About Canada's Boreal
Ontario
Ontario’s Boreal Forest:
- is 862,000 km2 (213 million acres) in size – more than 1½ times larger than France.1
- comprises 15% of Canada’s Boreal Forest.
- is home to more than 80 aboriginal communities.2 Many distinct native cultures and languages in what is today Ontario date back at least 7,000 years.3
- stores 49 billion tonnes of carbon in its soils, peat and forests – an amount equivalent to 249 years of Canada’s annual carbon emissions.4
- contains the 3rd-largest wetland in the world, the Hudson Bay Lowlands, covering 25% of Ontario’s land surface.
- is the breeding ground for 200 to 400 million birds of more than 250 species, including threatened species like Yellow Rail, Canada Warbler and Olive-sided Flycatcher.
- supports approximately 5,000, or 16%, of Canada’s threatened boreal Woodland caribou population.5
- features 640,000 km2 (158 million acres) of intact forest, peatland and wetland habitat free from industrial development, making up nearly 75% of the province’s boreal region.6
- is home to more than 200 sensitive species of animals – including Polar bear, wolverine and caribou.
- Canadian Boreal Initiative. 2003. Canada’s Boreal Region.
- Aboriginal Canada Portal (www.aboriginalcanada.gc.ca), and Global Forest Watch.
- Benke, A., and Cushing, C. Rivers of North America. 2005.
- Tarnocai, C. and Lacelle, B. 1996. Soil Organic Carbon Digital Database of Canada. Eastern Cereal and Oilseed Research Center, Research Branch, Agriculture and Agri-Food Canada, Ottawa, Canada.
- Environment Canada. 2008. Scientific Review for the Identification of Critical Habitat for Woodland Caribou (Rangifer tarandus caribou), Boreal Population, in Canada. August 2008.
- Global Forest Watch Canada. 2009. Canada’s Forest Landscape Fragments: A Second Approximation.
Ontario's projects:
Pimachiowin Aki - a unique partnership of four First Nations and the governments of Manitoba and Ontario, working together to create a UNESCO World Heritage Site in our area of the boreal forest.
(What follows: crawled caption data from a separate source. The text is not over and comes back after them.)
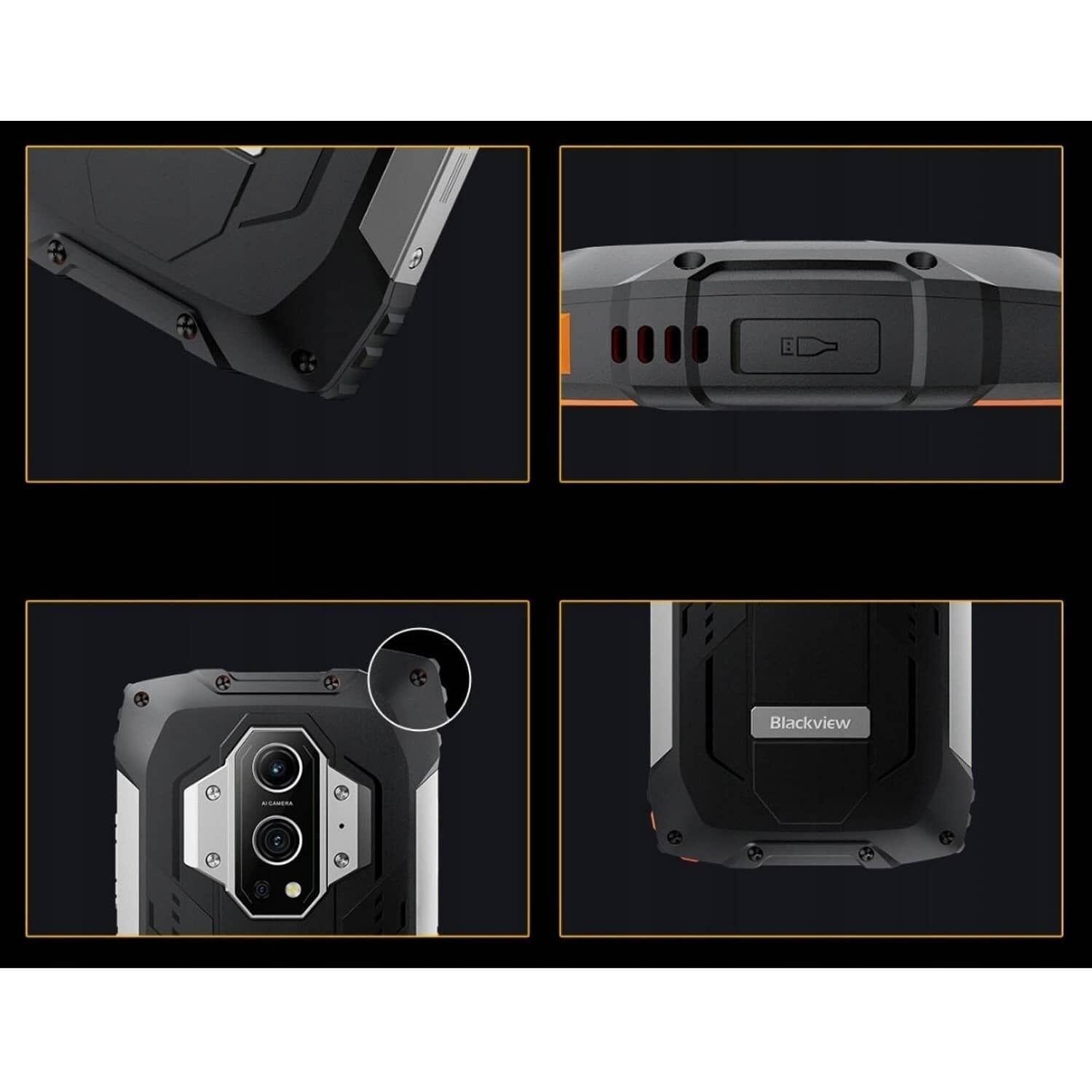 Celular Rugged Blackview Bv9300 Resistente A Golpes, Polvo, Humedad Y Agua / Potente Linterna De 100 L&uacute;menes, Nfc, Pantalla De 120hz image number 3.0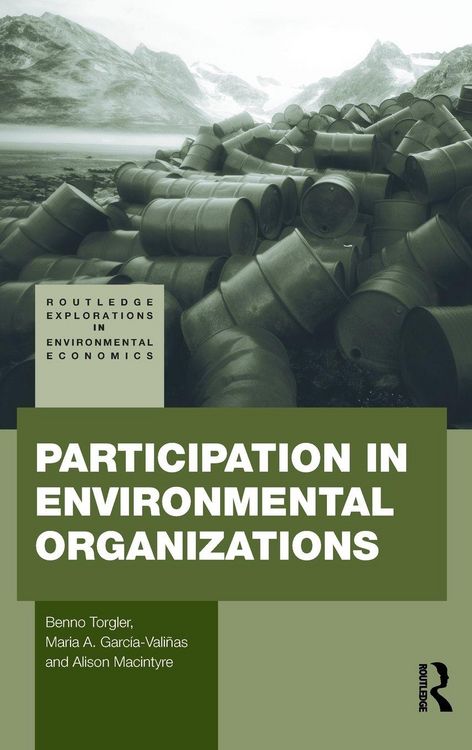 Produktbild: Participation in Environmental Organizations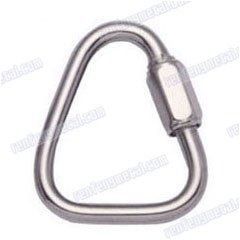 Made in china steel delta shaped quick link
The Poplar River, Little Grand Rapids, Pauingassi and Pikangikum First Nations, with the support of the Manitoba and Ontario governments, formed the Pimachiowin Aki Corporation in 2006 to achieve international recognition for the cultural and ecological values of the Boreal forest east of Lake Winnipeg as a World Heritage Site. The UNESCO World Heritage List was established as an international effort to identify and protect sites of universally outstanding value so that they would survive for the benefit of all humanity.
Once designated, Pimachiowin Aki will be one of only a handful of sites on the World Heritage List that are recognized for both outstanding cultural and natural heritage values. The area is an important Anishinabe cultural landscape, and designation will support the maintenance of traditional ways of life as well as creating new opportunities for sustaining First Nation economies.